L’interdiction européenne des moteurs à combustion sème la zizanie au sein du gouvernement allemand

L’introduction d’une interdiction de la vente de nouvelles voitures à moteur à combustion au milieu de la prochaine décennie, que vient de décider le Parlement européen, est trop ambitieuse et coûteuse. En outre, la mesure va à l’encontre du marché et désavantagera les citoyens de l’Union européenne. C’est ce qu’a déclaré l’Association allemande de l’industrie automobile (VDA), la fédération de l’industrie automobile allemande, dans une réaction à cette décision. La fédération allemande a également été soutenue dans sa protestation par un certain nombre d’autres organisations.

L’interdiction de la vente de nouvelles voitures équipées de moteurs à combustion est un élément essentiel de l’objectif à long terme de la Commission européenne, qui est de parvenir à la neutralité climatique d’ici le milieu du siècle.

Jusqu’à présent, le secteur des transports était l’un des secteurs à la traîne dans la lutte contre le changement climatique. Après le vote de l’interdiction au Parlement européen, le secteur automobile a réagi rapidement. En Allemagne notamment, qui se caractérise par un secteur automobile puissant, les protestations sont fortes.

Un frein à l’innovation ?

« L’interdiction imposée aux moteurs à combustion interne par le Parlement européen causera des dommages considérables au secteur automobile et à la population », a fait valoir Hildegard Müller, présidente de l’Association de l’industrie automobile allemande. « En outre, l’interdiction bloquera également les développements innovants et les technologies modernes. »
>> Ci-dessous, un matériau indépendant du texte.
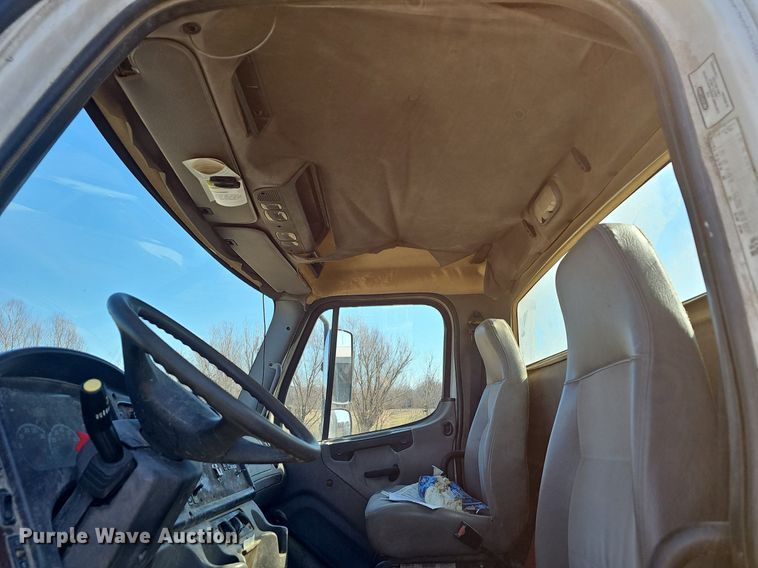 image for item EJ5915 2005 Freightliner Business Class M2 truck cab and chassis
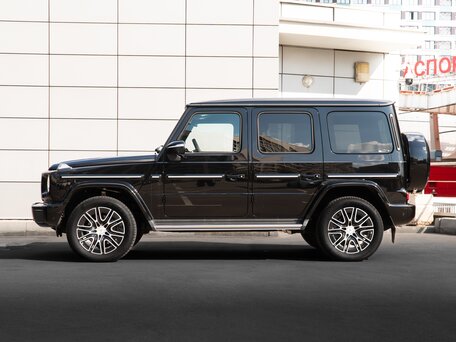 2025 Mercedes-Benz G-Класс 450 d III (W465) Рестайлинг, чёрный, 22490000 рублей, вид 2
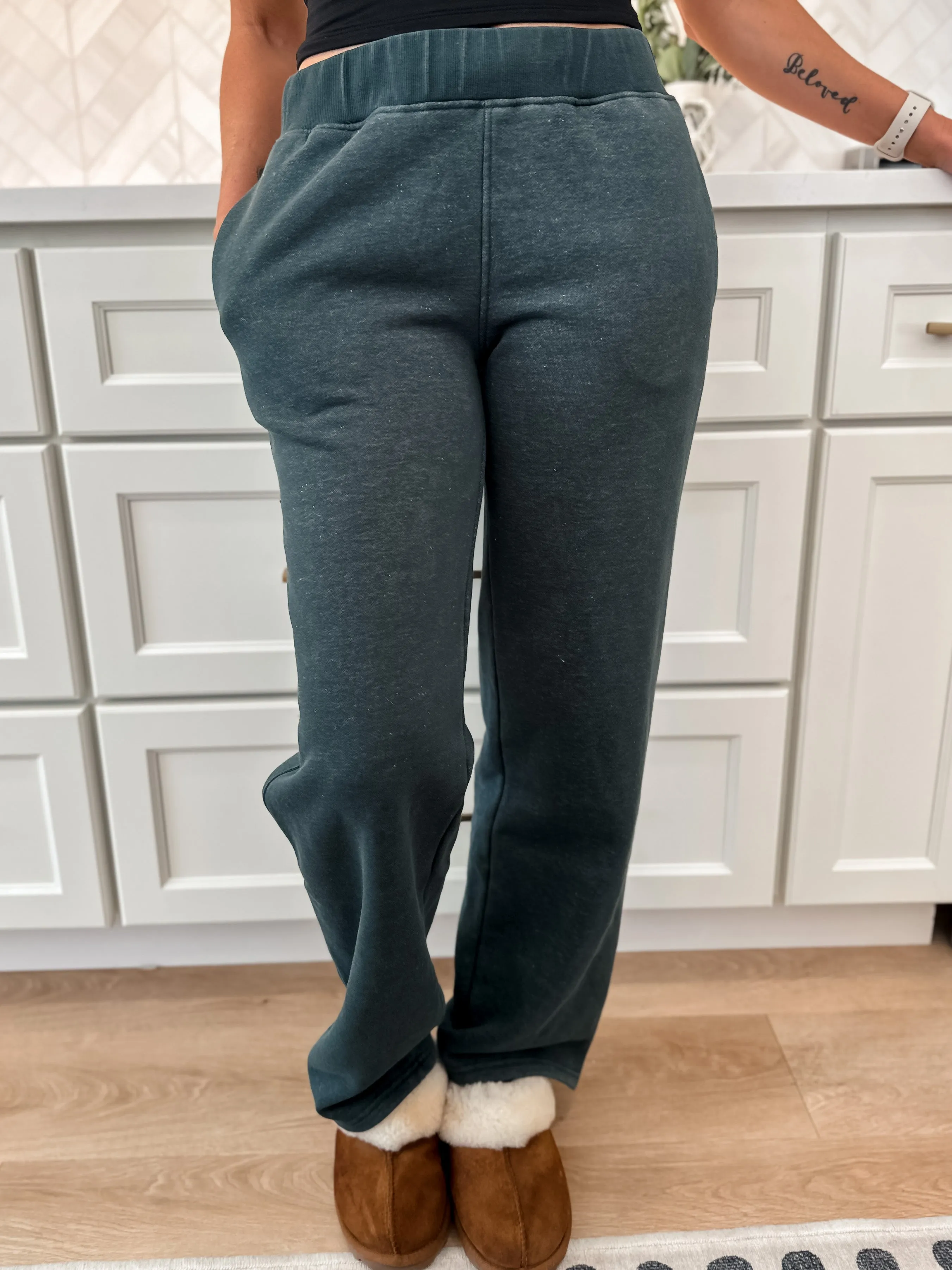 Straight Leg Fleece Lounge Pants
Mme Müller a également souligné que l’infrastructure de recharge des voitures électriques en Europe n’est pas prête à faire face à l’interdiction des moteurs à combustion interne. « Il est donc encore beaucoup trop tôt pour aller de l’avant avec une telle mesure », a prévenu Mme Müller. « Les conducteurs devront faire face à des coûts plus élevés et l’interdiction aura également un impact négatif sur la confiance des consommateurs. »

Mme Müller a été soutenue dans sa critique par l’Association des constructeurs européens d’automobiles (Acea). « Compte tenu de la volatilité et de l’incertitude qui règnent quotidiennement dans le monde, il n’est pas approprié de regarder au-delà de la fin de cette décennie pour faire des choix », a souligné Oliver Zipse, président de l’association européenne de l’industrie et directeur général du constructeur automobile allemand BMW Group.

L’Allgemeine Deutsche Automobil-Club (Adac), l’association allemande des automobilistes, s’est également jointe aux critiques, soulignant qu’il ne sera pas possible d’atteindre les objectifs ambitieux de protection du climat dans le domaine des transports uniquement grâce à l’électromobilité.

Lobbying

On s’attend toutefois à ce que les lobbyistes tentent de saper la décision du Parlement européen. Après tout, les États membres de l’Union européenne doivent encore essayer de trouver une position commune au sein du Conseil européen avant d’entamer les négociations avec le Parlement européen.

Karsten Schulze, directeur technique d’Adac, déclare qu’il appellera le Conseil européen à garantir l’ouverture technologique et à trouver un compromis viable.

Selon les analystes, le gouvernement allemand en particulier, qui a toujours défendu les intérêts de son secteur automobile auprès de la Commission européenne, risque d’être une cible privilégiée dans ce processus. « Les membres du gouvernement allemand sont fortement divisés sur la question », notent les analystes.

« Les membres du parti écologiste Die Linke soutiennent ouvertement l’introduction de l’interdiction, tandis que leurs collègues du Sozialdemokratische Partei Deutschlands (SPD) et du Freie Demokratische Partei (FDP) sont plus susceptibles de soutenir la position de l’industrie automobile. Après tout, ces groupes, respectivement, veulent surtout sauver des emplois et protéger l’esprit de la neutralité technologique. »

Volker Wissing, le ministre allemand des Transports, s’est déjà prononcé contre cette interdiction. Wissing (FDP) a fait valoir que de nombreux emplois dépendent du moteur à combustion interne et a promis de se battre pour faire passer une exception à l’interdiction pour les moteurs utilisant des carburants synthétiques.

Son collègue de parti Christian Lindner, ministre allemand des Finances, a pour sa part souligné que le gouvernement allemand doit faire des efforts pour changer les plans européens.